Nombreuses sont donc les œuvres qui s’engagent sur cette voie périlleuse du tout savoir, tout comprendre, tout révéler, et c’est là encore un paradoxe intentionnel de ce créateur, perceptible si l’on s’attache à détecter l’influence du prisme ignorant qui borde systématiquement sa démarche.
C’est au rythme avec lequel ses interrogations s’enchaînent que se révèle le portrait d’un artiste désireux d’inclure les failles humaines d’une inspiration dévorante. A l’instar de cette figure Wilson Bentley (1865-1931) incarnation vivante de Bouvard et Pécuchet de Gustave Flaubert, dont Gentil Garçon s’inspira pour réaliser Le Triomphe de la neige. Ce photographe qui consacra sa vie entière à l’énumération photographique des formations de cristaux de neige accrocha 2500 images à son palmarès. Ce fermier devenu photographe, animé par le désir d’anéantir la part ignorée de son sujet, serait un fou héroïque et cette étiquette comportementale traversant le temps adhère à son tour à l’œuvre et au personnage du Gentil Garçon. Cette tendance du « tout » associée à d’inévitables stratégies d’épuisement définirait peut-être en creux l’aveu d’une ignorance-origine, moteur d’un engagement artistique. L’origine du Gentil Garçon : il est coiffé d’une grosse tête à peine ajourée, laissant une place importante au vide et il déambule ainsi quasiment à l’aveugle dans des espaces publics lyonnais. C’est au travers de cette première série de performances qu’il définissait les pourtours de son personnage, artiste issu d’une génération spontanée, exempte des influences de l’enseignement artistique. Mais c’est loin d’être l’expression d’un désir de méconnaître l’art en s’en tenant à l’écart mais bien plus le choix d’un positionnement où feindre l’ignorance (toute excusée si l’on considère que le Gentil Garçon est de 20 ans le cadet de son créateur) lui permettrait de justifier de son obstination à reprendre ces sujets à la source.

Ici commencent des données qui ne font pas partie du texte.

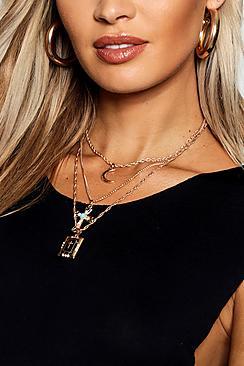 Boohoo Cross And Moon Layered Necklace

Dans ses Essais, Montaigne rapporte les propos de Platon : « l'ignorance des auditeurs prête une belle et large carrière et toute liberté au maniement d'une matière cachée » qu’en est-il de l’ignorance de l’auteur quand il est investi dans une entreprise de manipulation de matières connues de tous, mais proposée comme ignorée de lui?

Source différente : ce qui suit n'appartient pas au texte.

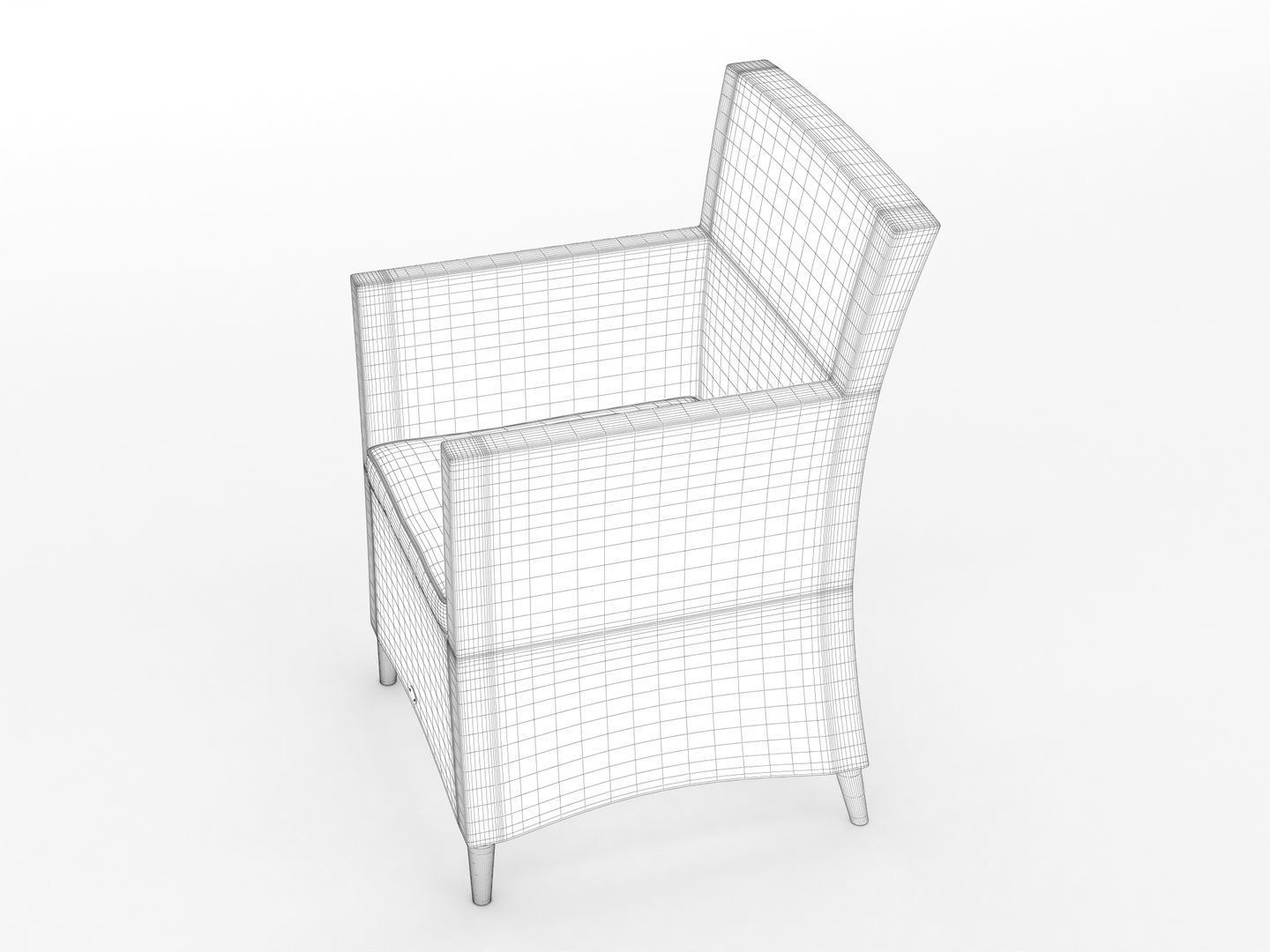 Rattan Lounge Chair 001 3D model_14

L’ignorance du Gentil Garçon est donc un ingrédient impliqué dans une cuisine qui revisite ce que nous savons déjà ou pensons connaître et que le créateur découvrirait pour la première fois et ce en toute logique avec la genèse de son personnage. Les différentes stratégies d’actions qui caractérisent le chercheur dans sa quête sont ici très clairement discernables. Aussi nous soulignerons encore la prédominance de certaines attitudes répétées dans son œuvre et dont le moteur serait l’aveu d’une impuissance autant que d’une ignorance de la voie à poursuivre. Ainsi l’ensemble des boucles, réseaux confus, enchevêtrements et autres sujets d’accumulation, caractérisent ce statut de créateur qui ne veut pas oublier la question des origines et veut mettre en évidence la pénibilité de tout apprentissage, de tout commencement, Where Da Hell Are We Going?. Une dernière obsession serait à même de nous extraire de ce chaos par l’évocation si fréquente du rebond rattaché aux motifs de balles incorporées régulièrement à ces performances, installations, projections. Ce dernier emprunt, désignerait peut-être un potentiel d’ouverture via la diversité des trajectoires et la considération d’un hors cadre que peuvent atteindre ces projectiles ronds faisant de l’ignorance une matière vertueuse qui communiquerait avec des espaces encore inexplorés par l’artiste.
Enfin, s’il fallait, tout en suivant cette dynamique, conclure par l’élaboration d’un « statement » approprié à l’usage de l’ignorance dans l’œuvre de Gentil Garçon, ce dernier pourrait bien déclarer un jour en lieu et place d’une argumentation éprouvante : « Je ne sais rien mais je vous dirai tout ».